The documentation I've read has helped me to create mass relationships between product nodes and other types of nodes, like merchant nodes, but not product nodes and other product nodes on the same row but in a different column. I could do it one by one manually, but given I have 1000s of nodes, doing a mass CSV upload would be much easier.

Thoughts? Sorry, I'm new to this section and there is likely a very easy explanation. I'd appreciate any help you might have!

Hi Isaac,

welcome to the Neo4j community!

I think the easiest solution here is to

  1. read in all properties of one line into a product node (even the id of another product it is connected with)
  2. Match on products that have a connected product and connect them.

Something like

LOAD CSV WITH HEADERS FROM 'file:///products.csv' as row
CREATE (p:Product {id:row.id, name: row.name, idConnected: row.idConnected})

and

MATCH (p1:Product), (p2:Product {id:p1.idConnected}) 
CREATE (p1)<-[:ATTACHED_TO]-(p2)

This also has a further advantage. You do not have to make sure that the ids in your other column only relate to products that have already been loaded, e.g. what if the product with id 1 is attached to product with id 2. At the moment that you load the product with id 1, the product with id 2 is not yet in your database and hence no connection is created between the two. That way you would loose data.

Regards,
Elena

Hi Elena,

So, here's what I've got at this point. Not sure where to go from here:

LOAD CSV WITH HEADERS FROM 'file:///simplified.csv' AS row
WITH toInteger(row.id) AS id, toInteger(row.offers) as offers
MATCH (p1:Product {id:id})
MATCH (p2:Product {id:p1.offers})
MERGE (p1)<-[rel:OFFERED_TO]-(p2)
RETURN count(rel)

Please post some consecutive records from your .csv file so that I can offer some help. Please include column headers.

You may need to call toInteger() function on numeric ID fields that you are importing.

CSV files treat all column values as string. Syntactically with or without toInteger is always correct. Only difference is that using toInteger function explicitly stores the value as integer.

Hi there,

Thank you for the information. I was using the toInteger function according to how I understood it. I ended up changing up the naming convention on the "id" column to be "productId" so I could differentiate between the id I assigned and id that NEO4j natively assigns the nodes. I re-ran the script an all the sudden it worked as I had written it.... I'll be honest, I don't know why it is working now and it wasn't working previously. Thank you both for your input.
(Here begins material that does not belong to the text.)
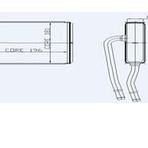 KALORİFER RADYATÖRÜ FOCUS TOURNEO CONNECT 1.6 16V 1.8 16V 1.8 TDI 207x196x27 2 SIRA ALB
Here is the script that ended up doing what I needed it to do:

LOAD CSV WITH HEADERS FROM 'file:///simplified.csv' AS row

WITH toInteger(row.productId) AS productId, toInteger(row.offers) as offers

MATCH (p1:Product {productId:productId})

MATCH (p2:Product {productId:p1.offers})

MERGE (p1)<-[rel:OFFERED_TO]-(p2)

RETURN count(rel)

Glad to hear that! All is well that ends well!!